Close to Critical
- First book edition
- Author: Hal Clement
- Cover artist: Paul Lehr
- Language: English
- Series: Mesklin
- Genre: Science fiction
- Publisher: Ballantine Books
- Publication date: July 1964
- Publication place: United States
- Media type: Print (magazine, hardback and paperback)
- Pages: 190 (paperback)
- Preceded by: Mission of Gravity
- Followed by: Star Light

= Close to Critical =

1958 novel by Hal Clement

Close to Critical is a science fiction novel by American writer Hal Clement. The novel was first serialized in three parts and published in Astounding Science Fiction magazine in 1958. Its first hardcover book publication was in July 1964.

==Setting==
Revolving on an orbit about the star Altair, Tenebra is an example of one of Hal Clement's "hellworlds". 27 times the mass of Earth, Tenebra is three times Earth's diameter (38,226 km) and has three times Earth's gravity at its surface (29.43 meters per second per second; 96.6 feet per second per second), which gives Tenebra an escape velocity of 33.558 kilometers per second (nearly 21 miles per second). Clement also describes the planet as rotating on its axis in a little less than four Earth days.

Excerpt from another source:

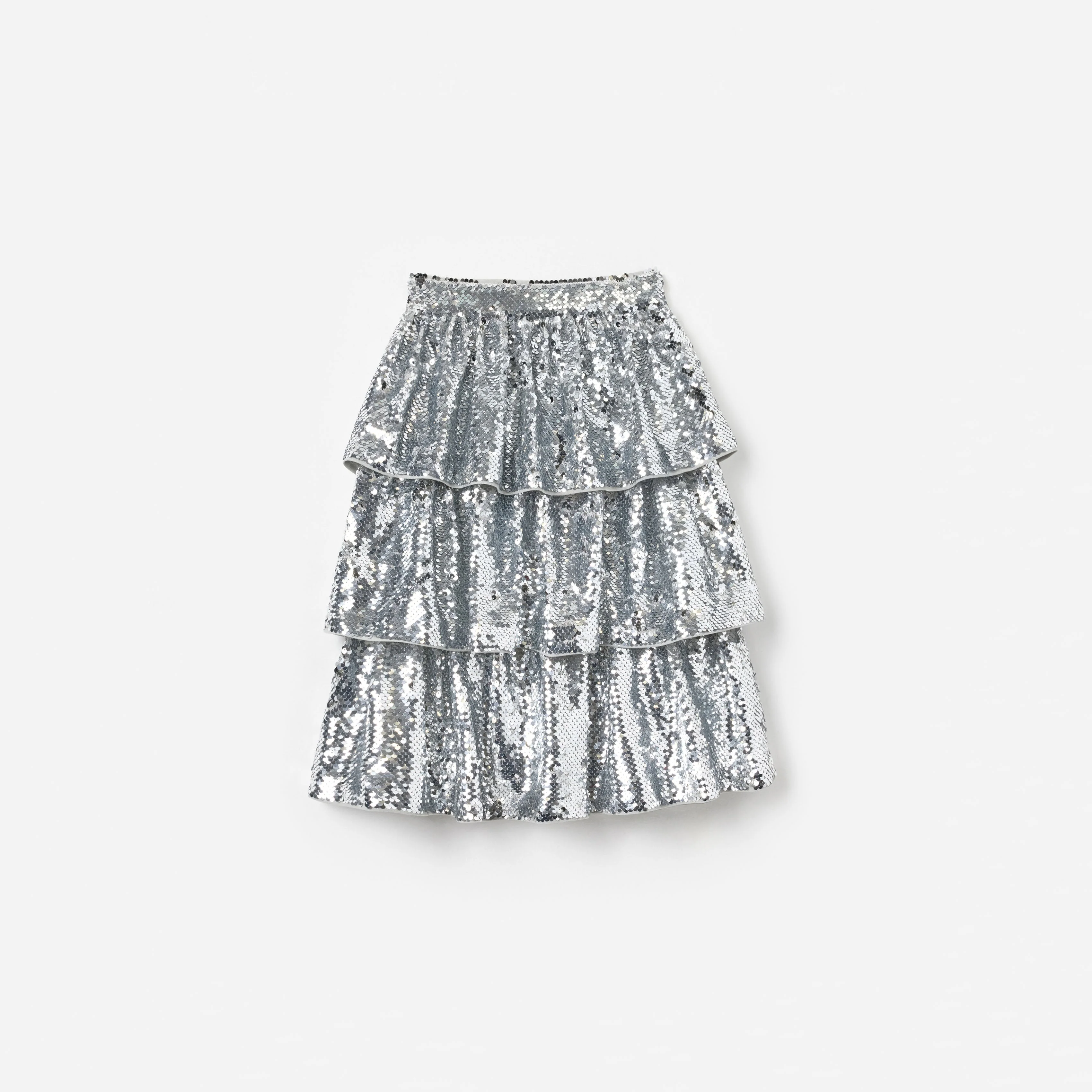 Silver Sequin Tiered Skirt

Tenebra has an atmosphere "consisting of water heavily laced with oxygen and oxides of sulphur". At the surface the temperature comes close enough to the critical point of water (temperature = 374 Celsius; 705 Fahrenheit : pressure = 22.1 megaPascals; 217.755 atmospheres) that during the night the atmosphere begins to condense into the liquid state and falls as raindrops 9 to 15 m wide. The naively expected density of the surface atmosphere stands at about 322 kilograms per cubic meter (compared to 1.2 kilograms per cubic meter at sea level on Earth). But the raindrops descend slowly, even in Tenebra's stiff gravity.

That latter statement necessitates, as Clement states in the story, that the surface pressure on Tenebra be 800 atmospheres, not 218. At 800 atmospheres of pressure the surface atmosphere, with its load of dissolved oxygen and sulphur oxides, is compressed to a density a little less than the density of liquid water (1182 kilograms per cubic meter). Only when the density of the planet's air is a little less than the density of liquid water will the raindrops descend slowly; otherwise, they would come down like meteors and make life on Tenebra impossible.

But life is possible on Tenebra. Although Clement doesn't say so explicitly, Tenebra's plants do not use photosynthesis. The optical depth of the atmosphere is too great for enough of Altair's light to reach the ground. Instead, Tenebra's plants use chemosynthesis based on the transformation of sulphur oxides. The process is much like that used by autotrophs living in and around hydrothermal vents known as black smokers at the bottom of Earth's oceans. Altair's abundant ultraviolet radiation, striking the top of Tenebra's atmosphere, restores the balance among the various sulphur oxides.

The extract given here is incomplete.